Attorney General Jeff Sessions spoke with Russian Ambassador Sergey Kislyak on two occasions during the presidential election last year despite testifying before the Senate that he had not had any contact with Russian officials during the campaign.
The former Alabama senator and then-foreign policy adviser to Trump first talked with Kislyak in July following an event at the Heritage Foundation in Washington, D.C. A small group of ambassadors had approached Sessions after the event and Kislyak spoke individually with Sessions at that time. Then in September, Kislyak met Sessions at his office on Capitol Hill.
Is this on the same level as Flynn lying to the Vice President and allowing him to go on national television with false information?
Well, it is certainly troubling, and likely, against the law.
Richard Painter, the former White House ethics lawyer for President George W. Bush (from 2005 to 2007) certainly feels it can cause a bit of a legal quandary for Sessions.
Misleading the Senate in sworn testimony about one own contacts with the Russians is a good way to go to jail https://t.co/qH0s6sTMJ9
— Richard W. Painter (@RWPUSA) March 2, 2017
Adding to this is the ongoing drama of the 2016 election hack of Democrat emails.

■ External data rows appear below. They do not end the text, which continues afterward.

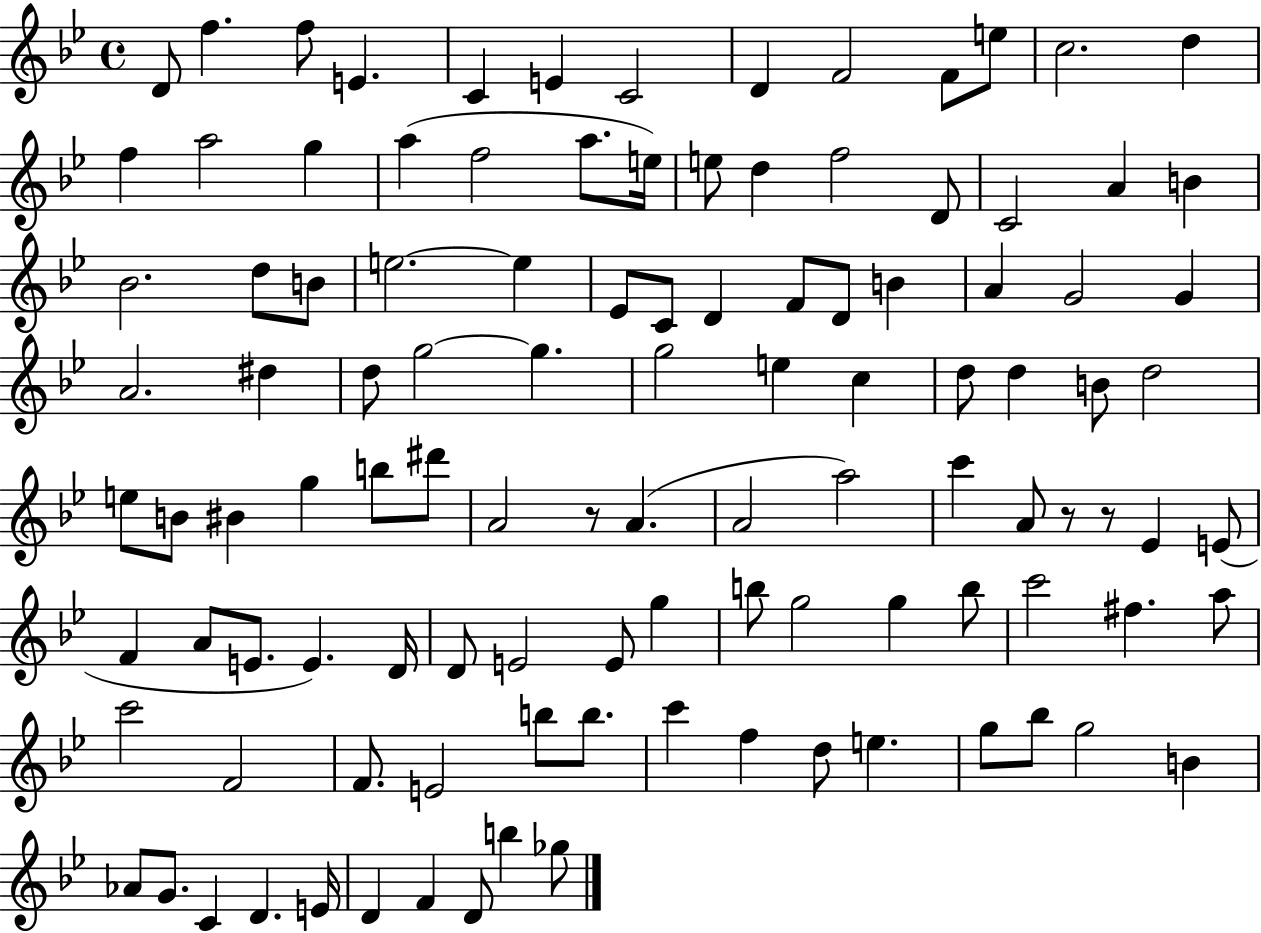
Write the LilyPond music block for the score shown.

{
  \clef treble
  \time 4/4
  \defaultTimeSignature
  \key bes \major
  d'8 f''4. f''8 e'4. | c'4 e'4 c'2 | d'4 f'2 f'8 e''8 | c''2. d''4 | \break f''4 a''2 g''4 | a''4( f''2 a''8. e''16) | e''8 d''4 f''2 d'8 | c'2 a'4 b'4 | \break bes'2. d''8 b'8 | e''2.~~ e''4 | ees'8 c'8 d'4 f'8 d'8 b'4 | a'4 g'2 g'4 | \break a'2. dis''4 | d''8 g''2~~ g''4. | g''2 e''4 c''4 | d''8 d''4 b'8 d''2 | \break e''8 b'8 bis'4 g''4 b''8 dis'''8 | a'2 r8 a'4.( | a'2 a''2) | c'''4 a'8 r8 r8 ees'4 e'8( | \break f'4 a'8 e'8. e'4.) d'16 | d'8 e'2 e'8 g''4 | b''8 g''2 g''4 b''8 | c'''2 fis''4. a''8 | \break c'''2 f'2 | f'8. e'2 b''8 b''8. | c'''4 f''4 d''8 e''4. | g''8 bes''8 g''2 b'4 | \break aes'8 g'8. c'4 d'4. e'16 | d'4 f'4 d'8 b''4 ges''8 | \bar "|."
}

Many still believe the Russians are behind the hacks and the ensuing leaks to the media, with the goal being to bring down Hillary Clinton.
During his confirmation, Sessions told his former colleagues, “I have been called a surrogate at a time or two in that campaign and I did not have communications with the Russians.”
Justice officials added that Sessions did not believe his conversations with Kislyak were relevant to the committee because he met about senatorial issues, not campaign ones.
And there are some who would say that during his confirmation hearing, the attending senators should have been given the option of deciding how relevant the information was.
Now we wait to see Trump’s reaction.
It has been a tumultuous start to his presidency, with the bulk of the troubles originating from inside the administration.
With the shadow of the Kremlin close at his back, President Trump needs to deal with this now, and the world will be watching to see if his newfound presidential swagger from Tuesday night was a fluke, or has he really gotten the feel for the job?